Hello everyone! I'm hitting an issue efficiently accessing data in an EArray.
I have an EArray with chunk size (5000, 2, 255, 200), with the first axis being the main (extensible) axis. I am using these big chunks because I intend to shuffle elements. I don't need truly random access into the file, but I'd like to shuffle, say, 5000 elements together before moving on to the next chunk.
Accessing a single element takes about 1.5 seconds. That doesn't surprise me as a time to load and decompress one 2 GB chunk.
Accessing a slice of hundreds of elements also takes about 1.5 seconds. Again, no surprise: once the chunk is decompressed, grabbing a bigger slice of it doesn't take much time.

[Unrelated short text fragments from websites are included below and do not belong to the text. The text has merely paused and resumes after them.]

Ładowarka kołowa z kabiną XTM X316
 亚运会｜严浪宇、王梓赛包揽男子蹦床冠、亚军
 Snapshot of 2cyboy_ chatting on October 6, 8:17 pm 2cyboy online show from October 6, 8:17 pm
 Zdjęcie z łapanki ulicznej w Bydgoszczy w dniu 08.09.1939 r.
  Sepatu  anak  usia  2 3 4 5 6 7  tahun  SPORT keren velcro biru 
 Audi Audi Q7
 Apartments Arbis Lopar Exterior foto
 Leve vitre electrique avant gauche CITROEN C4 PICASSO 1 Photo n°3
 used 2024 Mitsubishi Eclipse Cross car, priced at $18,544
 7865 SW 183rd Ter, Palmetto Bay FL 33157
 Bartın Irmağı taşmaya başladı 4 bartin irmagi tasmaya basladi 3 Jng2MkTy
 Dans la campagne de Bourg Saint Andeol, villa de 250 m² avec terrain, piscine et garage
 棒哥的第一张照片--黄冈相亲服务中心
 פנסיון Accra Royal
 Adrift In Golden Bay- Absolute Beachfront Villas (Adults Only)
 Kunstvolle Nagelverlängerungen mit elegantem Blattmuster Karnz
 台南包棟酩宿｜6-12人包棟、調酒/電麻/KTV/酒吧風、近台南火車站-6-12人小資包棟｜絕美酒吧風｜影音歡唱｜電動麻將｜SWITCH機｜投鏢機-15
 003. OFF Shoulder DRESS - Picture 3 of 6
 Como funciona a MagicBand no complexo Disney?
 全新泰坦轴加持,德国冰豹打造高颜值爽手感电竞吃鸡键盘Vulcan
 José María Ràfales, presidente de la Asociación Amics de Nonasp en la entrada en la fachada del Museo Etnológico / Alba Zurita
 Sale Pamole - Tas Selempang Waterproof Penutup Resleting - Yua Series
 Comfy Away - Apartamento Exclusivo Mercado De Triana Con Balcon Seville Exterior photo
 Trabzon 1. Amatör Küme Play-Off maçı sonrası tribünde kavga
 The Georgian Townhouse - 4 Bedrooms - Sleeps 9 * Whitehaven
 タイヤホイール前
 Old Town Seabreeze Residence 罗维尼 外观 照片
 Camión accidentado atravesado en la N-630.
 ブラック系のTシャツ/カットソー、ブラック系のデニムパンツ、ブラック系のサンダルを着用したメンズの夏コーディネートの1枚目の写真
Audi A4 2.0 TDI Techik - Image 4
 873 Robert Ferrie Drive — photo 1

Accessing a single element twice takes 3 seconds. That is:
array[0]
array[0]
takes twice as long as
array[0]
This looks to me like a caching issue. The chunk is decompressed on the first access, then dropped from memory so it needs to be reloaded and decompressed again.
If this is a caching issue, what do I need to do to change that? Opening the file with:
pytables.open_file(path, 'r',CHUNK_CACHE_SIZE=3_000_000_000)
doesn't do the trick. Is there something else required to ensure at least one chunk is kept in memory? Is there any way I can confirm whether the cache contains chunks, besides inferring that it doesn't from the above timing exercise?
Thanks,
Jason